'The Sopranos' writers should be whacked
TUESDAY Lite Notebook: » Like millions of viewers I was completely disgusted by the extreme lack of violence on the final episode of "The Sopranos." The much anticipated climax of one of the best TV series ever created was inaction-packed and relatively whacking-free. It was as if creator and writer David Chase put out a hit on the viewers, which was unnecessary because I suspect many viewers were ready to whack themselves 30 minutes into what may go down in history as the least riveting mob story ever aired. In comparison, watching a teetering Vito Corleone tending his tomatoes in "The Godfather" was more exciting. No, strike that. Forget Corleone, the TOMATOES were more exciting.
By the end of this peacefest I was screaming at the TV: "Kill someone! Anyone! Off the gas station guy! Whack the paper boy! Garrote the cat!" It was like St. Valentines Day without the massacre. I bet Jimmy Hoffa is rolling over in his grave, whichever freeway overpass that is.

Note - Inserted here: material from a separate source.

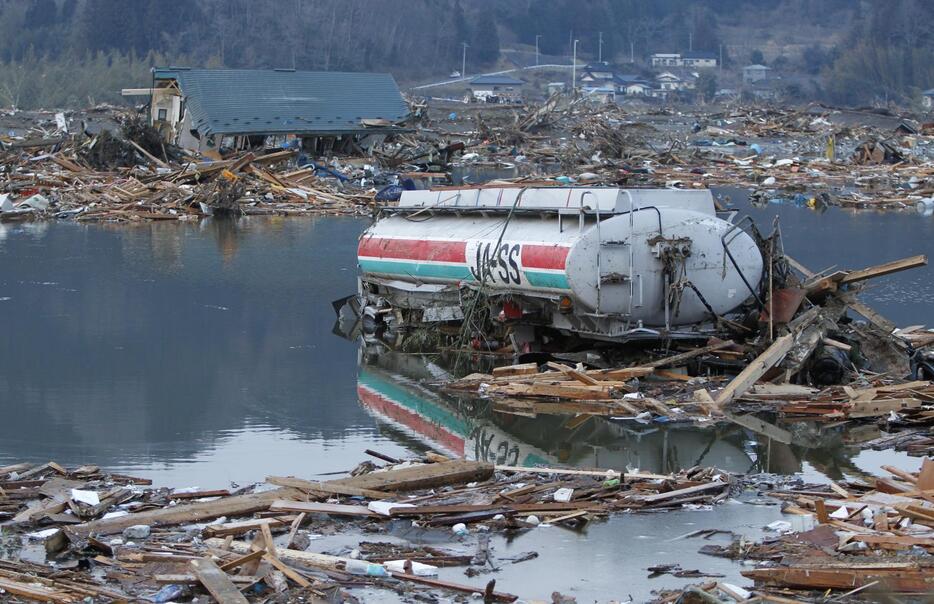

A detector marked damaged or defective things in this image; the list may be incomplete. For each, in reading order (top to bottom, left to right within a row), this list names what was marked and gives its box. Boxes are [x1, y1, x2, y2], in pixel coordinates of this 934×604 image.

damaged house [121, 67, 410, 155]
broken plank [190, 556, 250, 604]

» For some reason, the fact that Burger King in Hawaii is adding Spam to its menu was national news. CNN, FOX and other networks all ran stories about Spam being cooked up at Burger King. The tone of all the coverage was pretty much the same: Isn't Hawaii WEIRD?! It was as if fast-food restaurants here hand out little packets of crack cocaine with every meal. You would think that Burger King serving Spam wouldn't even be news in Hawaii, let alone New Jersey. What's weird is that Burger King was the only eatery in Hawaii that DIDN'T serve Spam. McDonald's has been dishing out Spam for years without ever getting national coverage. At Zippy's, you have to ask for Spam NOT to be included in your meal, even if you're ordering donuts. 7-Eleven serves about 4,355 Spam musubis a day at each of its stores.
The national coverage hinted that because people in Hawaii actually admit to eating Spam, somehow that makes us unsophisticated and backward. Hah. We're just careful. Hey, Wolf Blitzer, you know the difference between Spam and beef, pork, chicken, spinach, lettuce and peanut butter? SPAM has never been recalled. And like fine wine, it only gets better with age.
» The question of how low airfares in Hawaii can go has been answered with go! airlines offering 1,000 one-way trips for $1. At one dollar a ticket, go! essentially is giving free plane rides away. Who would have thought it would cost more to drive to the airport than for the actual flight to another island? I'm a bit leery of this $1 promotion. There must be a catch. Like, the flight costs a buck but the cup of guava juice onboard is $84. Or the ticket is only good on certain dates, like Feb. 30.
This airfare war is getting out of hand. Pretty soon the airlines will be paying people to fly, forcing them onto the planes with cattle prods. Looks to me like "go!" is not a suggestion but an actual order.